Do greenhouse gas emissions from the burning of fossil fuels count as ocean pollution under the Law of the Sea?
That’s the question that nine small island states that are low emitting but extremely vulnerable to the climate crisis have asked the International Tribunal for the Law of the Sea (ITLOS) in a landmark hearing that began Monday in Hamburg, Germany.
“We come here seeking urgent help, in the strong belief that international law is an essential mechanism for correcting the manifest injustice that our people are suffering as a result of climate change,” Tuvalu’s Prime Minister Kausea Natano said in a statement shared by Eureporter. “We are confident that international courts and tribunals will not allow this injustice to continue unchecked.”
The 1982 United Nations Convention on the Law of the Sea governs the shared use and protection of the ocean. A total of 168 countries — the U.S. not among them — have ratified it.
Under Article 194(1), those 168 states have agreed to “take, individually or jointly as appropriate, all measures consistent with this convention that are necessary to prevent, reduce, and control pollution of the marine environment from any source.” Yet, despite the fact that 25% of carbon dioxide emissions and 90% of global heating end up in the oceans, leading to threats like marine heatwaves, coral bleaching, ocean acidification, and more extreme tropical storms, it’s still not clear what duties nations have to prevent climate pollution under international maritime law.
“What’s the difference between having a toxic chimney spewing across a border to carbon dioxide emissions?” Payam Akhavan, lead counsel and chair of the committee of legal experts advising the nations that brought the question, asked The Guardian. “Some of these states will become uninhabitable in a generation and many will be submerged under the sea. This is an attempt to use all the tools available to force major polluters to change course while they still can.”

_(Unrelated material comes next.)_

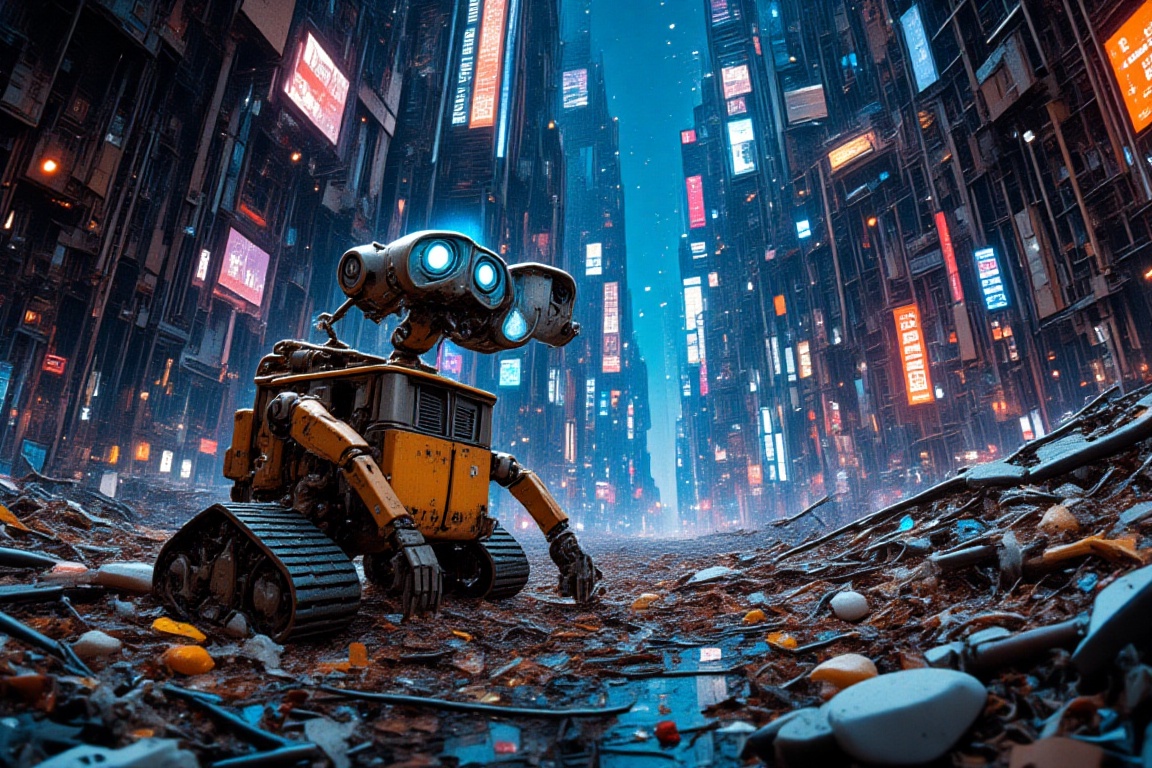 A close-up shot of Wall-E robot cleaning garbage in a futuristic city. The cityscape is a mix of towering,  abandoned mach...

The island nations — organized as the Commission of Small Island States on Climate Change and International Law (COSIS) — first requested an advisory opinion from the tribunal in December 2022. COSIS formed in 2021 during the COP26 U.N. climate talks in Glasgow, Scotland, and its members include Antigua and Barbuda, Tuvalu, Palau, Niue, Vanuatu, Saint Lucia, Saint Vincent and the Grenadines, Saint Kitts and Nevis, and the Bahamas, according to ClientEarth.
These nations say they have only contributed 1% of global greenhouse gas emissions but contend with disproportionate climate impacts, from sea-level rise and saltwater intrusion to coastal erosion, The New York Times reported.
“Despite our negligible emission of greenhouse gases, COSIS’s members have suffered and continue to suffer the overwhelming burden of climate change’s adverse impacts,” Antigua and Barbuda Prime Minister Gaston Alfonso Browne said in a statement shared by Eureporter. “Without rapid and ambitious action, climate change may prevent my children and grandchildren from living on the island of their ancestors, the island that we call home. We cannot remain silent in the face of such injustice.”
The ITLOS hearing is scheduled to last through September 25. In addition to the members of COSIS, more than 50 nations will weigh in with written or oral arguments, according to The New York Times. Among them will be major greenhouse gas emitters like China, India, and European Union member states. A ruling is expected within months.
While COSIS is only asking for an advisory opinion for now, legal experts say the decision could have a major impact on climate litigation going forward, especially if ITLOS rules that signatories do have an obligation to protect the ocean from climate pollution.
“The islands could hold major emitters of greenhouse gases responsible for damage by their failure to implement the Paris climate accord,” University of Edinburgh emeritus international law professor Alan Boyle told The New York Times.
That is the outcome that legal climate advocates like ClientEarth are hoping for.
“A positive advisory opinion could be essential to the global fight against climate change,” the group wrote. “A legal interpretation by the tribunal that the Law of the Sea requires states all over the world mitigate their greenhouse gas emissions to prevent harm to the marine environment opens up the possibility that climate commitments such as those made under the Paris agreement may need to be enforced to protect the world’s oceans.”